Gage County Democrats want the state to pay the Beatrice Six jury award, and a group attending a Thursday night meeting in Beatrice heard calls for a show of numbers at the state capitol, to oppose high property taxes.
The public session drew about 40 people, with several airing their anger over high property tax bills and what might happen to taxes in Gage County.
Don Schuller farms near Barneston. He says the county Democratic Party recently wrote to Gov. Pete Ricketts, asking that he budget for payment of the jury award from the state’s cash reserve.
“The reasons the state should pay include: all six were charged and tried by the state of Nebraska in state court according to the procedures set in state law, they were sentenced to state prisons, and their appeals were opposed by the attorney general’s office. The state transferred funds to Richardson County when it was faced with bankruptcy when the cost of criminal cases exceeded their financial resources,” Schuller said.
Ricketts has said publicly he would not budget for the settlement.
Schuller said having a possible judgment and costs in the county’s future discourages new businesses and residents from moving here.
“The Beatrice School’s and Southeast Community College’s bonds both failed,” Schuller points out. “It would lower the value of residential, commercial, and agricultural property, which in turn could mean higher levies to fund the operation of schools, the county, and other units (of government). It would be a severe burden on many, especially farmers who are struggling for profit.”
While the meeting began with a discussion of the impact of the federal jury award, it morphed into anger about the burden of property taxes in the state.
Schuller says he like to see a local committee formed to push for legislation that would assist Gage County is avoiding a tough financial situation because of the $28.1 million verdict.

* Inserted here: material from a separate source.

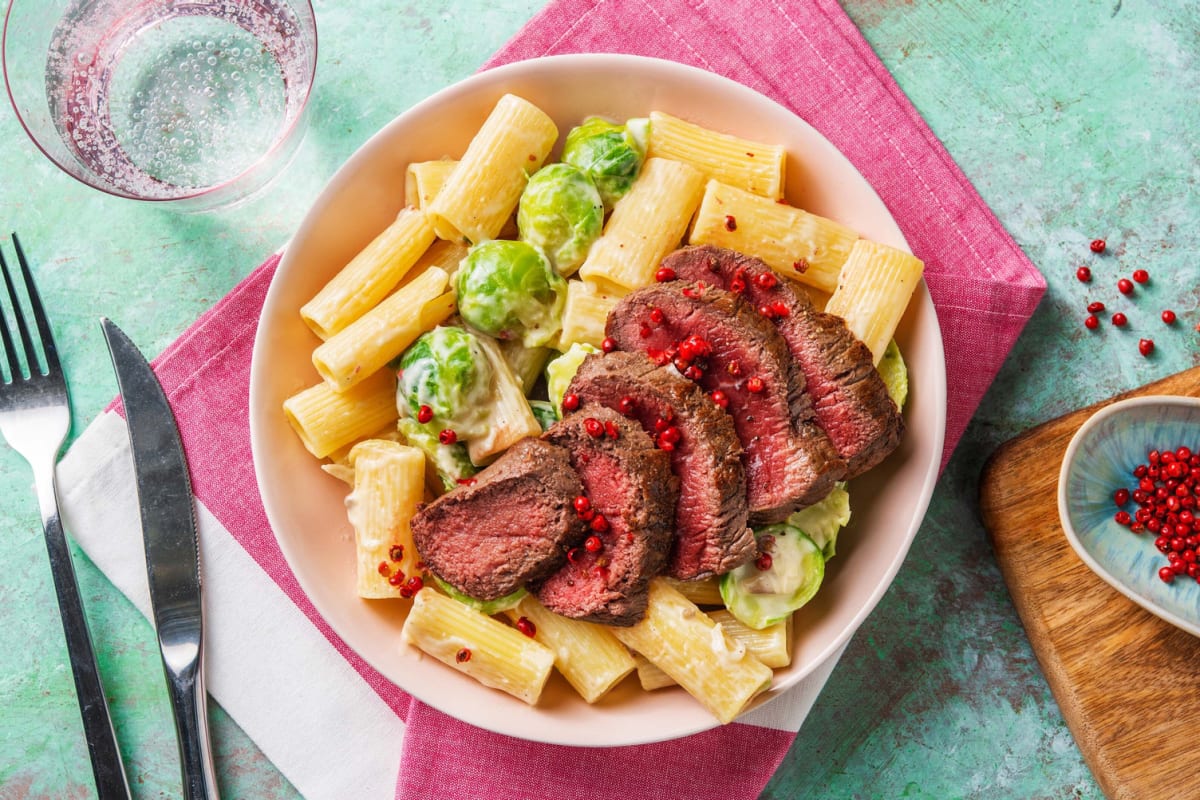 Rindersteak auf Rigatoni in rosa Pfefferrahmsoße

Costs, with legal fees, are likely to rise well above $30 million.
Craig Bolz, who resides in Palmyra, said the governor and 49 senators are the key to resolving the issue of taxes.

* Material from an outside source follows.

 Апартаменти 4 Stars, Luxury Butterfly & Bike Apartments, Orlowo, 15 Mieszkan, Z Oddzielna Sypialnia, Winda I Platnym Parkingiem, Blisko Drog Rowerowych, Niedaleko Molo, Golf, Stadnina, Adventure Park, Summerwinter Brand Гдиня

“The first day of the legislative session, I want 3,000 taxpayers in the Capitol. I want 5,000. I want them from Scottsbluff, Ogallala. I want people to put some skin in this game,” Bolz said. “Go to the Capitol, very peacefully, very politely. We’re not there to raise hell or cause anybody trouble, but we have to go to our senators and say, ‘we demand that this problem get solved.’”
Bolz described the Governor’s push for property tax relief last year, “like spittin’ on a fire”.
He says a show of people is needed at the state capitol on the first day of the legislature, and every day after.
The new session begins, January 4th.
Doug Kennedy, KWBE, contributed to this report.